Daha önceki yazımda Çernobil Nükleer Santralinin bazı özelliklerinden biraz bahsetmiş ve ileride kazanın oluşumundan bahsederim demiştim. Sözüm söz. Kazayı sizlere anlatacağım. Hatta bu kazayı anlatırken daha yakın olan Fukuşima’dan bile biraz bahsedeceğim. Ama kazayı anlatacağım yazıdan keyif alabilmeniz için bir nükleer reaktörün nasıl çalıştığını biraz anlatmam gerekiyor. Konu bu olunca ister istemez radyoaktif maddelere, atom enerjisine, fisyon reaksiyonlarına şöyle bir girip bakacağız. Bence çok keyifli.
Beni tanımayanlar yukarıda yazdıklarımdan sonra pek normal bir insan olmadığım sonucuna varmış olabilirler. Hadi anormal demeseler bile biraz garip bulmuşlardır. Haklılar. Keyifli dediğim konuya bak. Garibim ben. Ama uranyum daha garip. Buyurun yazıya:
Dört kişilik bir ailenin bir yıllık elektriğini iki tane kesme şeker kadar uranyum döke saça karşılar.
İşte bu cümle birçok şeyi anlatan bir cümledir. Altını biraz dolduralım.
- 1000 megavatlık bir elektrik santralinin 1 yıl çalıştırılması için 2.600.000 ton kömür gerekir.(100’er vagonluk 2000 tren katarı)
- 1000 megavatlık bir elektrik santralinin 1 yıl çalıştırılması için 2.000.000 ton petrol gerekir.(her biri 200.000 ton kapasiteli 10 tane deniz tankeri)
- 1000 megavatlık bir elektrik santralinin 1 yıl çalıştırılması için 30 ton uranyum yeter.(Bir kamyon rahatça taşır)

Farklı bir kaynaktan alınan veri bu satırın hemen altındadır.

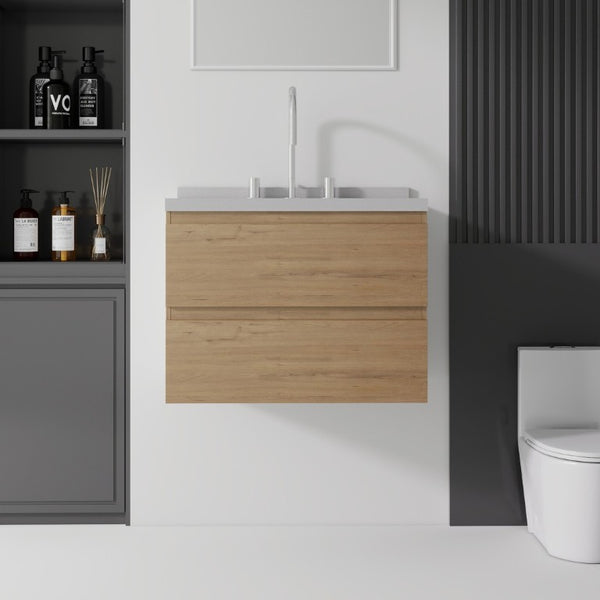 English Elm 24 Inch Floating Bathroom Vanity with Cultured Marble Top Soft Close Drawer Undermount Sink Oak Granite White B2775S00254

İşte bu kadar küçük ağırlığa sahip bir maddede bu kadar enerji olursa etrafında dolaşan çok olur.Mesela silah üreticileri ve askerlerin de ilgisini çeker. Ünlü TNT yani tri nitro tolüen isimli patlayıcı bu konularda birim olarak kullanılır. ‘Düşmanıma bomba atmak istiyorum, ölsünler, sürüm sürüm sürünsünler.’diyen bir komutanın geceleri uykusunu kaçıran bir problemi vardır. Bombasını TNT ile doldurursa yakıt koyacak yeri kalmaz. Yakıt ile doldurursa TNT koyacak yeri kalmaz. Başka bir değişle bombasına koyduğu TNT miktarı arttıkça onu taşımak için kullanacağı yakıt miktarı da artacaktır. Bu sebeple füzesi kocaman olacak, dışarıdan hemen fark edilecek ve sağa sola taşıması zor olacaktır. Oysa sadece 5 ton ağırlığındaki Çin’in CSS-4 nükleer füzesi 5.000.000-10.000.000 ton TNT eş değeridir. Birbirini öldürmekle ilgilenenler için çok sevindirici bir durum. Biz savaşı bombayı bir kenara bırakalım. Bu örnekleri size atom enerjisinin boyutları hakkında fikir sahibi olalım diye anlatıyorum.
Biz elektriğe ve nükleer santrallere geri dönelim. Başka değerlerle yeniden açıklayalım.
- 1 kilogram odun saatte 1 kilowatt elektrik üretebilir.
- 1 kilogram kömür saatte 3 kilowatt elektrik üretebilir.
- 1 kilogram petrol saatte 4 kilowatt elektrik üretebilir.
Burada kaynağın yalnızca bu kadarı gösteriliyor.